Alataj entrevista Amanda Chang

Por Isabela Junqueira em Entrevistas 09.09.2022

Amanda Chang é uma potência que há mais de uma década despontou no cenário musical alternativo nacional propondo uma abordagem que foge à regra. Hoje ela atesta o ápice de uma maturidade artística que floresce em um novo projeto: Chang Rodrigues. Batizado a partir de uma fusão do sobrenome chinês herdado da mãe com o brasileiro, advindo do pai, Amanda mergulha na possibilidade da evacuação dos mais diversos sentimentos através da música e com o projeto cuja abordagem mantém-se neutra em relação a gêneros, adentra também em uma viagem de autoconhecimento.

Inquieta e criativa, a artista estreou Chang Rodrigues (sua performance live baseada em sintetizadores analógicos modulares), na sexta-feira passada, dia 02 de setembro, no palco New Dance Order no Rock in Rio — considerado um dos momentos mais significativos de sua jornada. Reverberando o Techno Peak Time, com boas referências que passeiam pelo Ambient, Acid, Funk e eletrônica experimental, o clichê faz-se necessário e é tranquilo afirmar que o projeto foi estreado com o pé direito.

+++ Relembre o storytelling sobre o palco New Dance Order

Em meio a euforia da estreia, Amanda tirou um tempinho para conversar conosco e responder algumas de nossas perguntas, que vão desde a estreia do projeto até os próximos passos da artista com ele.

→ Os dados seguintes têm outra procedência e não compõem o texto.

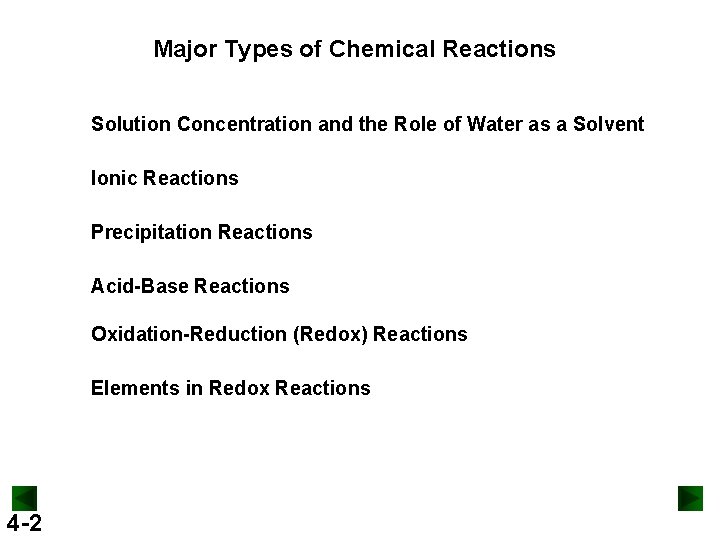 Major Types of Chemical Reactions Solution Concentration and the Role of Water as a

Confira a conversa com Amanda:

Alataj: Olá Amanda, que prazer imenso conversar com você logo após a estreia do seu live act Chang Rodrigues no RiR! São 14 anos de estrada e um caminho que parece ter te conduzido organicamente ao que você vive atualmente, mas sem falsas modéstias, quais plantios você tem plena certeza que foram fundamentais para o que você colhe profissionalmente hoje, Amanda?

Amanda Chang: Olá Alataj, o prazer é meu de conversar com vcs. A colheita sem dúvidas é fruto de estudo, dedicação e coragem para seguir  o caminho do coração, que nem sempre será o mais fácil ou rápido, é até mais longo e difícil, mas preenche de uma forma única. 

Conta um pouquinho mais sobre a escolha em trabalhar só com sintetizadores analógicos também.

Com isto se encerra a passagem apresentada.